:: Records

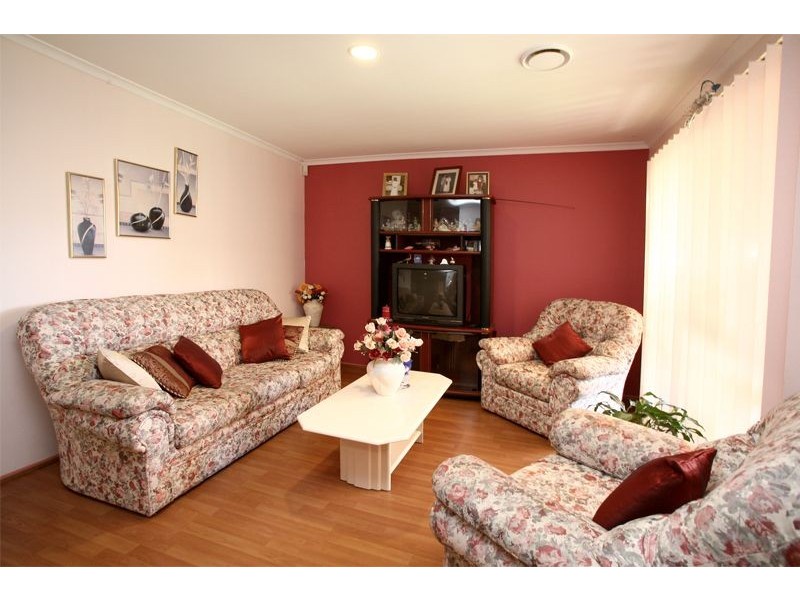 44 James Wyman Place, Hampton Park VIC 3976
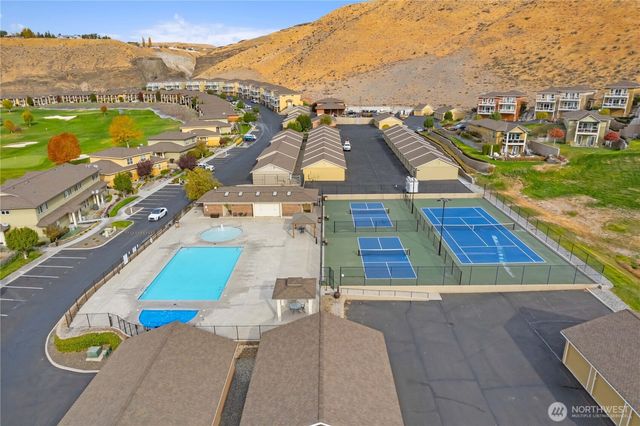 9116 Red Hawk Lane NW, Quincy, WA 98848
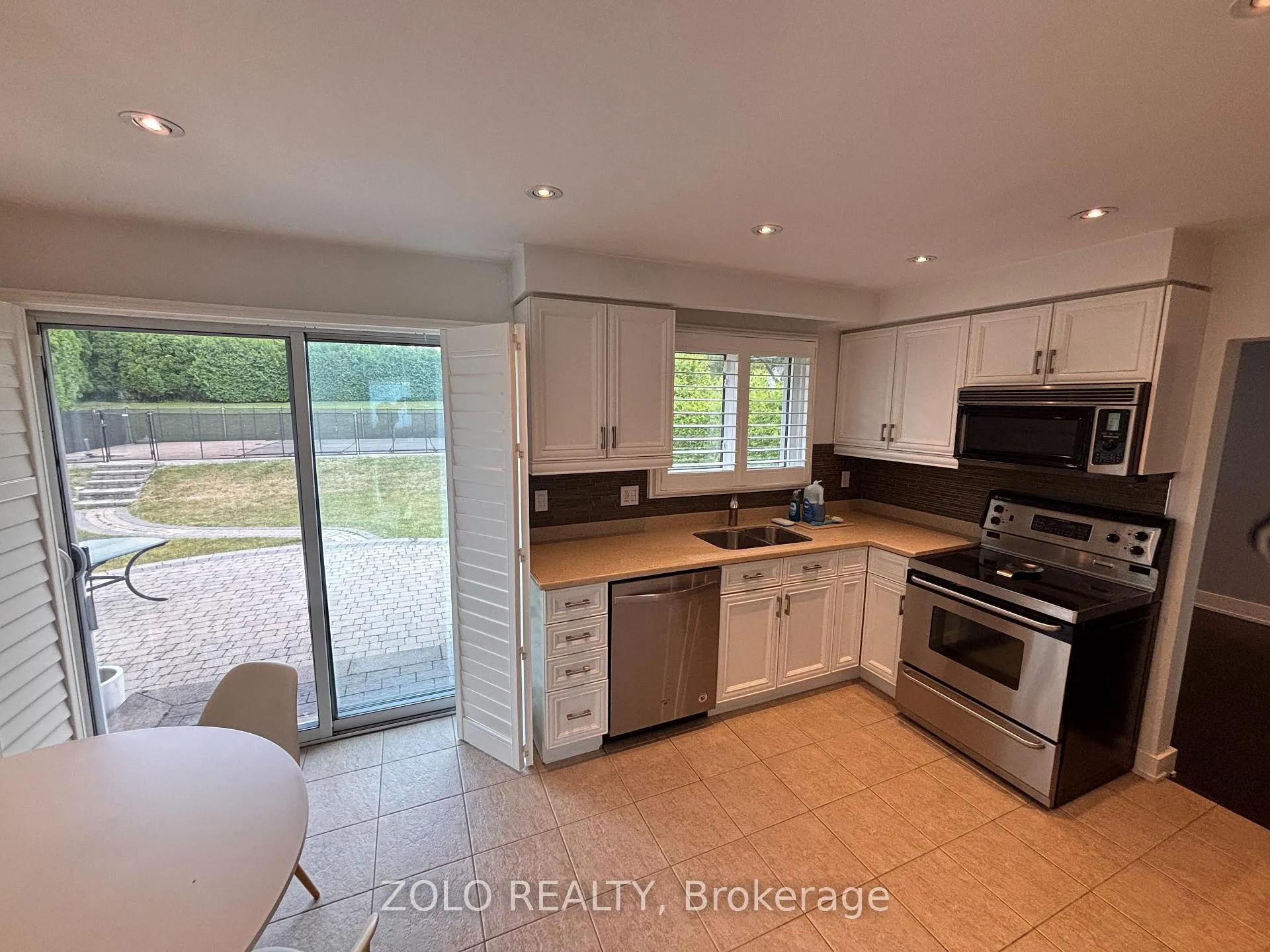 Photo 7 of 74 Ladyslipper Court, Markham, Bayview Glen — HOMEH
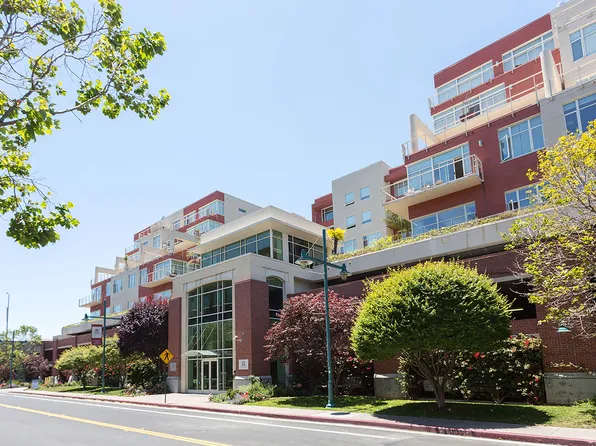 5855 Horton St APT 718, Emeryville, CA 94608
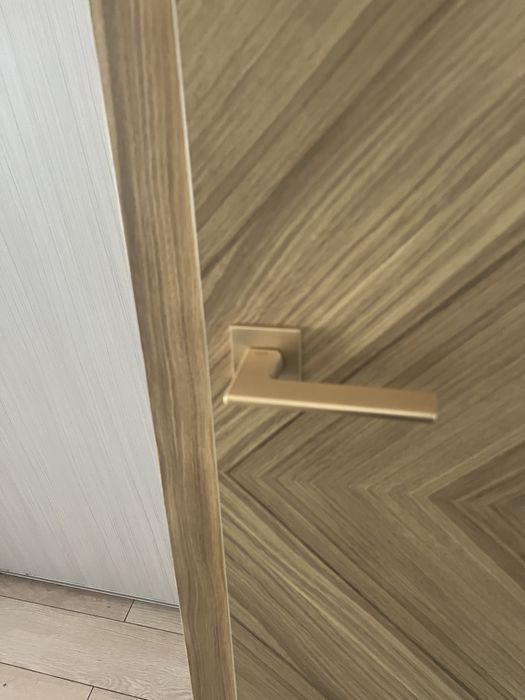 Drzwi 80 Prawe z oscieznicą bexprzylgowa Nowe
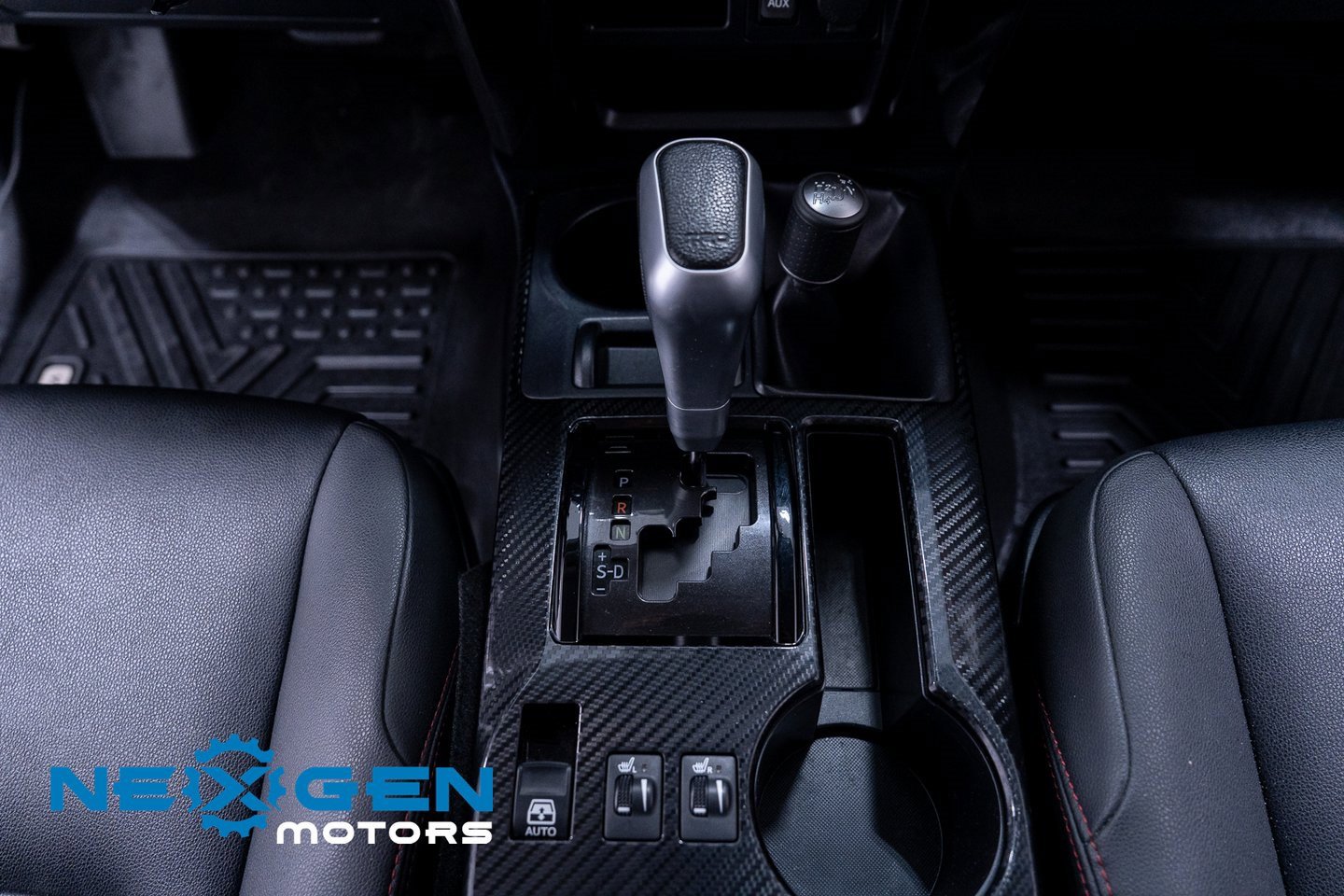 Used 2019 Toyota 4Runner TRD Off-Road Premium image 16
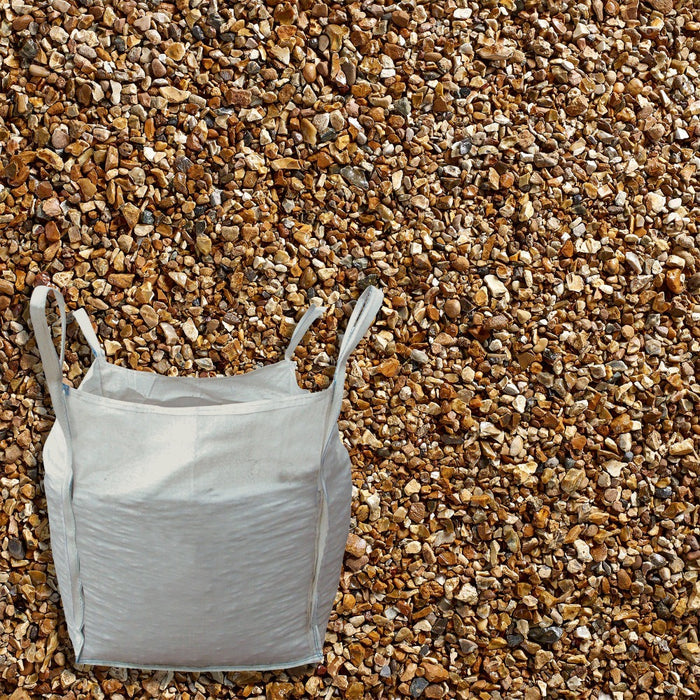 Buy Kelkay Golden Gravel Chippings 10-20mm 750kg Bulk Bag online UK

::::

A word-for-word copy of the entries above is what is needed, without any images.

 44 James Wyman Place, Hampton Park VIC 3976
 9116 Red Hawk Lane NW, Quincy, WA 98848
 Photo 7 of 74 Ladyslipper Court, Markham, Bayview Glen — HOMEH
 5855 Horton St APT 718, Emeryville, CA 94608
 Drzwi 80 Prawe z oscieznicą bexprzylgowa Nowe
 Used 2019 Toyota 4Runner TRD Off-Road Premium image 16
 Buy Kelkay Golden Gravel Chippings 10-20mm 750kg Bulk Bag online UK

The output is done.